I am ambivalent about this but, on balance, come down on the side of the government having the constitutional right to protect non-offending, non-smokers from those who are indifferent to the discomfort their behavior causes others. This applies only to state governments of course. You would have no problem with a state law whidh prohibits peeing down your leg, or against a factory which emits noxious fumes or effluviants, or which prohibits noisemakers at operas.
This is not to say that a state government always has a duty to exercise its constitutional prerogatives to protect its citizens from behavior which is merely obnoxious or offensive. I believe that most of these anti smoking ordinances have been justified because they protect non smokers from the health hazards of second hand smoke. This brings most of them within the constitutionally permissable area of public welfare. I know a new study just out perports to debunk this notion, but a legislature or city council is not required to believe every new study.

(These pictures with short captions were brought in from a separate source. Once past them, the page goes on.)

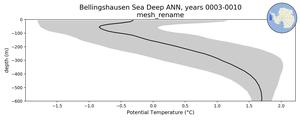 Bellingshausen Sea Deep Potential Temperature vs depth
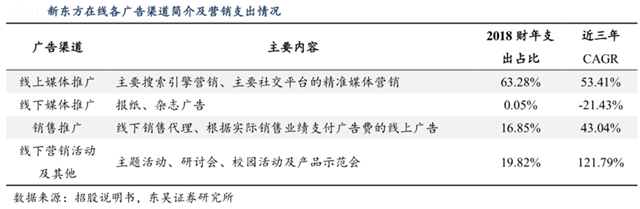 品牌營(yíng)銷(xiāo)策劃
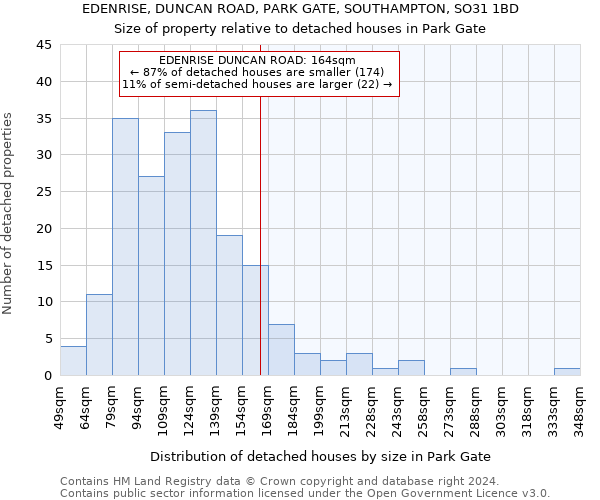 EDENRISE, DUNCAN ROAD, PARK GATE, SOUTHAMPTON, SO31 1BD: Size of property relative to detached houses in Park Gate
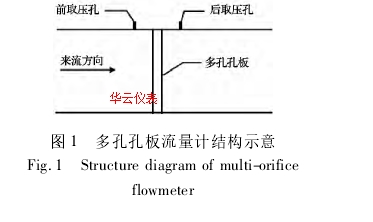 圖 1 多孔孔板流量計結構示意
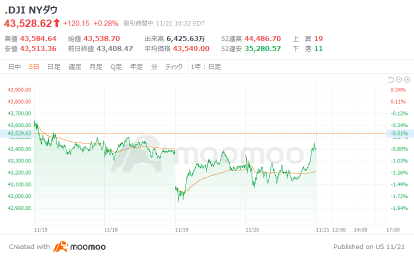 Outlook for the USA market: NVIDIA surpasses $150, Bitcoin surpasses $0.09 million8000, with $0.1 million within range.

Problems arise when the government seeks to regulate smoking outdoors where health hazzards to others are clearly remote as in such places as football stadiums or courtyards. How can this be constitutionally permissable? In Singapore it is illegal to chew gum on the street because you might litter the wrapper. Would this justification pass constitutional muster in America? I think not, but there is no guarantee if Hillary ever gets to appoint more Justices like Ginsberg. Could the Mallibu city council pass an ordinance prohibiting smoking anywhere (including in your own private home) because it wants to protect the smoker himself? It can regulate liquor if authorized by the state, why not smoking? At some point a social policy which can be justified because it allegedly advances some permissable police or general welfare goal becomes unconstitutional because it too remote or encroaches on some other value like the right to be left alone, or to speak freely, or to associate freely with (only)those whom you chose.
But I do think that among the electorate there is a growing and alarming tendency to ignore whether a matter is constitutionally permissable and to consider only whether it is viscerally desirable. At this point, everything becomes a public relations game.
Precisely.
The reason there are anti-smoking ordinances has nothing to do with whether people such as yourself might be discomfited or some cockamamie health concern.

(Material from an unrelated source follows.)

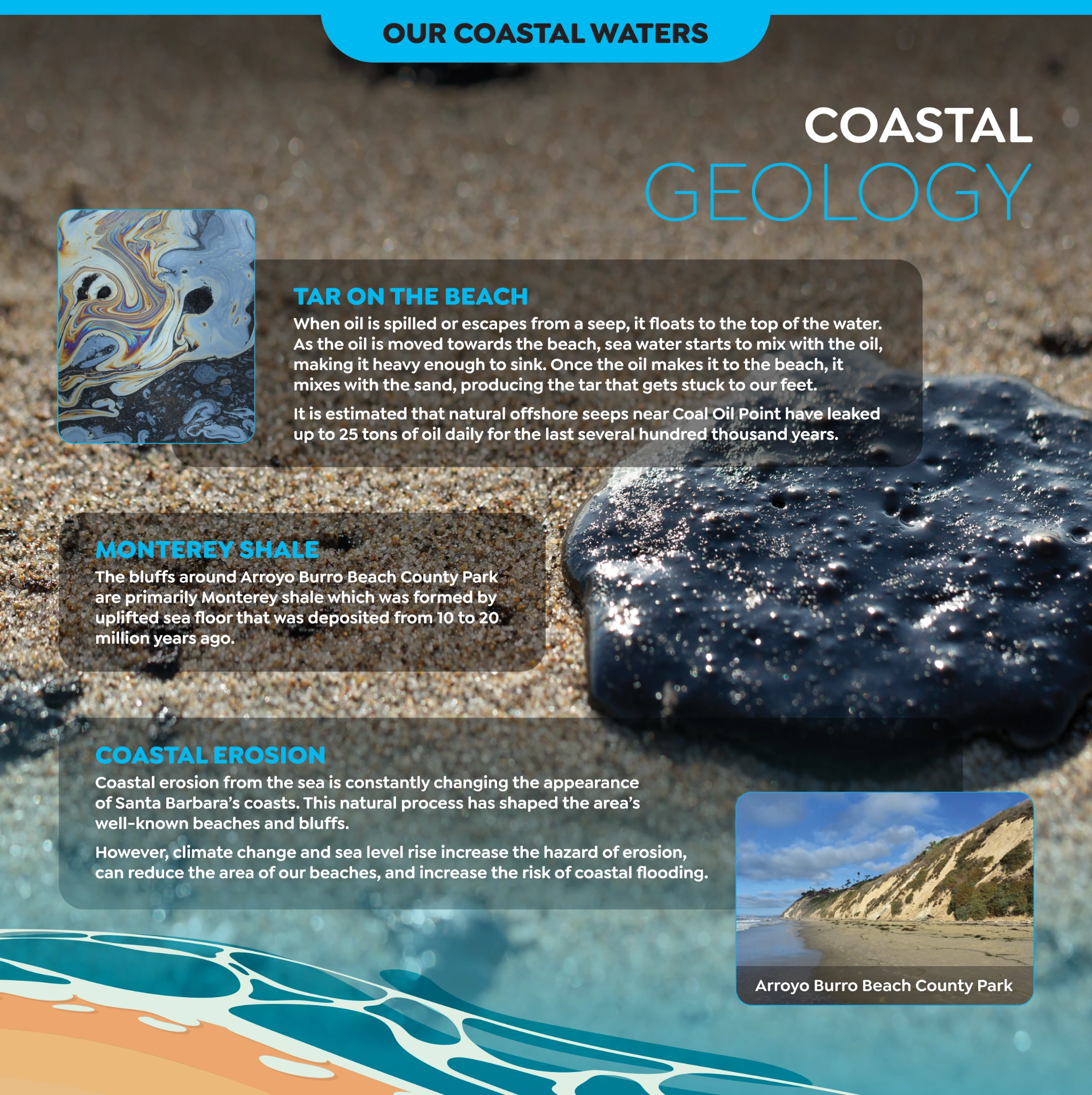 Original Arroyo Burro panel artwork: Coastal Geology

"Second hand smoke will kill you" may be a lie, but it is also no more than a rationalization, substituting for the sponsors' real objective. Which is Control -- by the We Know What's Good For You Crowd.

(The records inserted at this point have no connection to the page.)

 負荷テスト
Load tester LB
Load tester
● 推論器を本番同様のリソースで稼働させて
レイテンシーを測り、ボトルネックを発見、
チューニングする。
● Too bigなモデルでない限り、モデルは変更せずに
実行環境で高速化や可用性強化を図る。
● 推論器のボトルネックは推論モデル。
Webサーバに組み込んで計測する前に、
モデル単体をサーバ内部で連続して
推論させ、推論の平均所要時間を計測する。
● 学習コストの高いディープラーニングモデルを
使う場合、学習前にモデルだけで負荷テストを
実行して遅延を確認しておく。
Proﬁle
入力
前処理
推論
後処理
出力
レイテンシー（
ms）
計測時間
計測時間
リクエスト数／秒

When I was a smoker, I would ask, "Do you mind if I smoke?", and I would happily defer to your expressed wishes. But I strongly object to the impositions on freedom which are sponsored by the anti-smoking fascists.
I think it is an insufficiently commented-upon irony that cigarette prohibition and the public shaming it entails is the work of modern liberals. They're supposed to be the ones who are nonjudgmental, who live and let live, but they approach smoking like Carry Nation with her ax. Conservatives on the other hand let you smoke. They acknowledge sin and accept imperfection. Also most of them are culturally inclined toward courtesy of the old-fashioned sort.Had one of Carrie Nation's vandalism sprees been abruptly and permanently ended by a tavern owner with a double barrelled shotgun, the nation would have been saved a ton of trauma. Some of the antismoking zealots are closing in this status as well.
Noonan's dead on, especially with her comparison of smokers to the "homeless" early on. I've often suspected that homeless advocates had a hand in the banning of smoking in downtown office buildings, to facilitate panhandling.
Interestingly, when I got stuck on jury duty in Cleveland a few years ago, the ban on indoor smoking was not enforced in the courthouse. The jurors had a smoking room and each judge had the perogative of allowing smoking in the hallways outside their chambers.